I guess if you love doing something enough to call it a passion, but cannot remember the last time you did it for you, the last time yuo applied it in a way that resembles why you wanted to do it in the first place and that only seems to be getting worse, then maybe it is time to make it a hobby again. To make it something you do when, how and why you want, so that other than making a meagre living it fills your soul, makes you happy like it used to.
Is it the end then of my journey?
For me, I certainly hope not. Where I will go from here will be purely driven by me, something I hope will help others such as volunteer docco and event recording, but for stills, the future looks bright, for video, nt as sure, but I do know these things;
Rare places give something back, something I have missed.
I am not interested in making time pressured commercial videos for people, just content for personal projects.
I am fully aware that I have avenues open to me such as an offer to shoot video for the AFL Tas contracted videographers (I may still do some stills for them, unless I find other work that clashes), or weddings, real estate etc but again, not my things, no point and I am aware that what is on offer these days is changing in ways I am not interested in.
I intend to be a dated relic, a hold out for authenticity and purity of process.
The only controlled type of photography I want to do is in a studio-portrait context, everything else needs to be real, cinema vérité, purely observational, the way I grew my skills in the first place.
I am quite good at controlling crowds, something you do often around teams and school groups, but recently a school decided they were going to take up their head shot service provider on an offer to do their group shots for free (money is tight everywhere).
I was annoyed and relieved in equal measure, but then I was asked if I would be open to working for the same contractor, a growing concern running on stretched resources, it hit me, I really do not want to do that type of photography and never really did.
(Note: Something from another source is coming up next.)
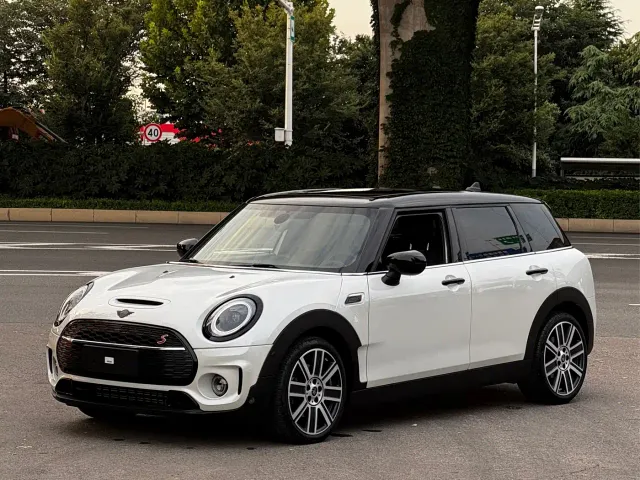 MINI Clubman — Фото автомобиля 16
It was part of the whole package, not the bit I liked, just the bit I had to do.
I adapted, I got decent at it, but there was no passion for it and I rarely cared if I got or not.
No matter how bright the paint is, it cannot hide the rot inside.
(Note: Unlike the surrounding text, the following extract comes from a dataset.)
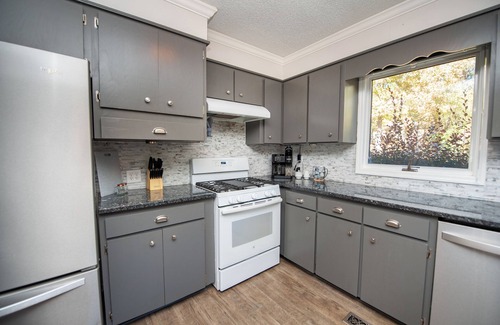 Cowpens Casa | Secluded Pond Retreat - Wooded, Cozy, Quiet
A little bit for the two schools was ok, it’s a full day earner and added some variety into the mix, but not for me, not all the time.
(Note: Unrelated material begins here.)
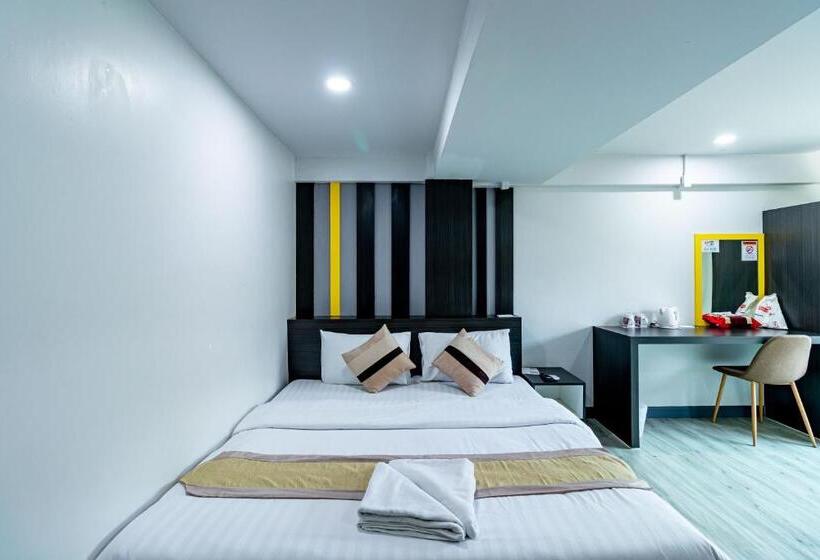 Стандартный Номер Кровать Кинг, Riski Residence Bangbuathong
If you begin to hate doing something you are meant to love because of what it has become, have you lost twice?
Anyway, still working out what I want to do (something in service, aged care or teachers aide maybe), but pretty resolved to stay on this path.
I am regretting the printer going, because I feel it was the right tool for an artistic hobbyist which with luck I will be again, but it is not far away and to be honest I did not have room for it.
I have since had a talk with a few people who live similar lives and they to have experienced different levels of this, plenty of wisdom and shared experiences to help me see things in perspective. I then came home to my first AFL stills booking confirmation, something I do enjoy. The plan is still to move on, the rush may have cooled off a little.